Según Vargas, las semillas mejoradas «Contribuyen a un mayor crecimiento donde se requiere menos superficie para generar más material, que es lo que atrae al mundo»lo que también repercute positivamente en el uso eficiente de los recursos.
“Esto implica que hay casi 5 millones de hectáreas de algodón sembradas con semillas hechas en Costa Rica, con manos costarricenses”, dijo el jefe de operaciones de Bayer, Adonay Zúñiga, sobre los alcances de los trabajos que se realizan en la zona.
Empleo y desarrollo local
El proyecto no sólo tiene relevancia internacional, sino que también transforma comunidades. Actualmente genera más de 50 empleos permanentes y hasta 200 empleos temporales por ciclo productivo.
«El 90-95% de las personas que trabajan son residentes locales de la zona», dijo Adonay Zúñiga, líder de operaciones.
«En este momento hay más de 100 personas trabajando temporalmente más las 59 personas permanentes que trabajan en la finca. En Guanacaste no hay muchas fuentes de trabajo y eso genera oportunidades reales», agregó.
Incluso la construcción de infraestructura agrícola significó empleo indirecto para decenas de personas en la región.
El impacto también se siente en el ámbito social y territorial. Carolina Arrieta, ingeniera agrónoma de la estación, resalta la importancia de que este tipo de empresas operen fuera del Gran Área Metropolitana.
“A nivel de Guanacaste, no es un secreto que somos una provincia más enfocada al turismo y prácticamente de ahí vienen las fuentes de trabajo.

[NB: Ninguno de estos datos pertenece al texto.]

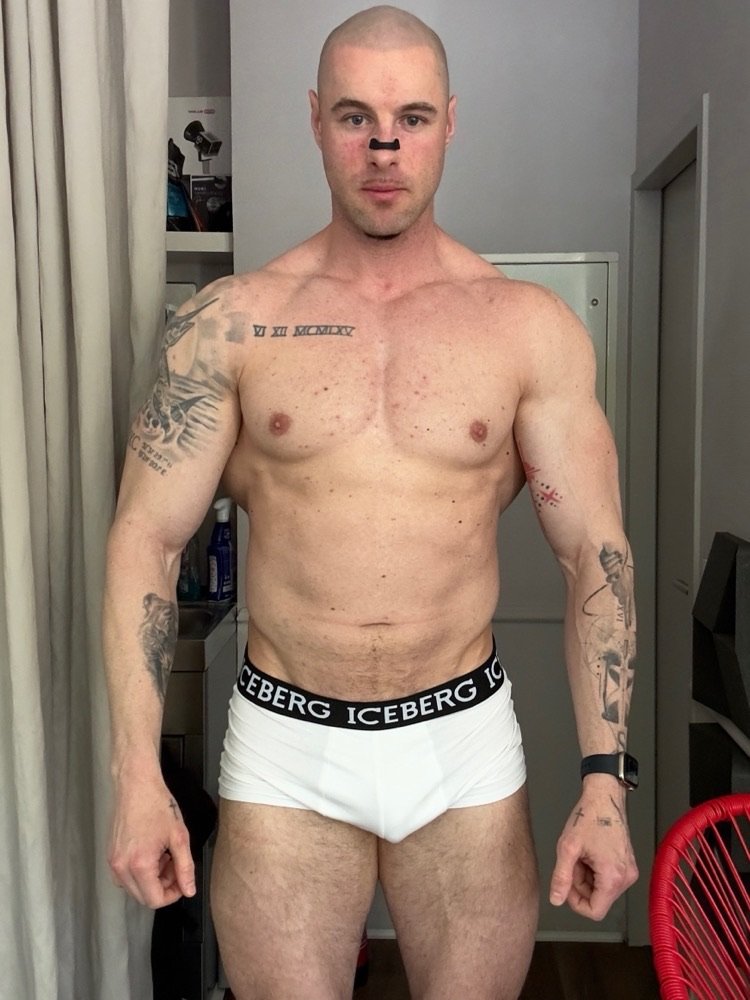 Kevin – vorher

Entonces, empresas agroindustriales como esta que permiten que el talento local trabaje en la provincia realmente impacta positivamente en la calidad de vida, para que no tengan que migrar a otras zonas”.

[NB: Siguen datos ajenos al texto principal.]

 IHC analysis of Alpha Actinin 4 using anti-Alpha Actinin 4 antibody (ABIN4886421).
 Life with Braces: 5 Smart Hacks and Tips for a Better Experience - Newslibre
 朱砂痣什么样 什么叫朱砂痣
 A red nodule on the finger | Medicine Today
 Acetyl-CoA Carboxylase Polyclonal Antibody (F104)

Talento costarricense con impacto global
La operación también exporta conocimiento y talento humano. Zúñiga, quien se mudó de Cartago a Guanacaste para trabajar en el proyecto, fue recientemente seleccionado para ocupar un puesto en California.
“Hace dos semanas me dijeron que fui seleccionado para el puesto… Me mudaré a California para empezar a trabajar en el tema de las hortalizas”, dijo.
Además del aporte económico, la ingeniera Carolina Arrieta llamó a que más mujeres se incorporen al sector agrícola y profesional.
“Si alguna mujer siente que le gustaría desarrollarse en la agricultura o en cualquier campo en general, que se atreva. Es sencillo quitar esas barreras. Si las mujeres quieren ser parte es porque ya pueden hacerlo”, indicó.
Para el directivo, Adrián Vargas, el mayor orgullo es demostrar que podemos abordar los desafíos internacionales desde un país pequeño.
“Que estemos abordando los desafíos globales desde Costa Rica, por pequeños que seamos, es algo que nos llena de mucha pasión y orgullo”, anotó.
Con casi 3 décadas de operación en el país, esta estación posiciona a Costa Rica dentro de la red mundial de investigación agrícola. Una historia en la que, como resume su director, «Es la semilla que debe hablar por el país».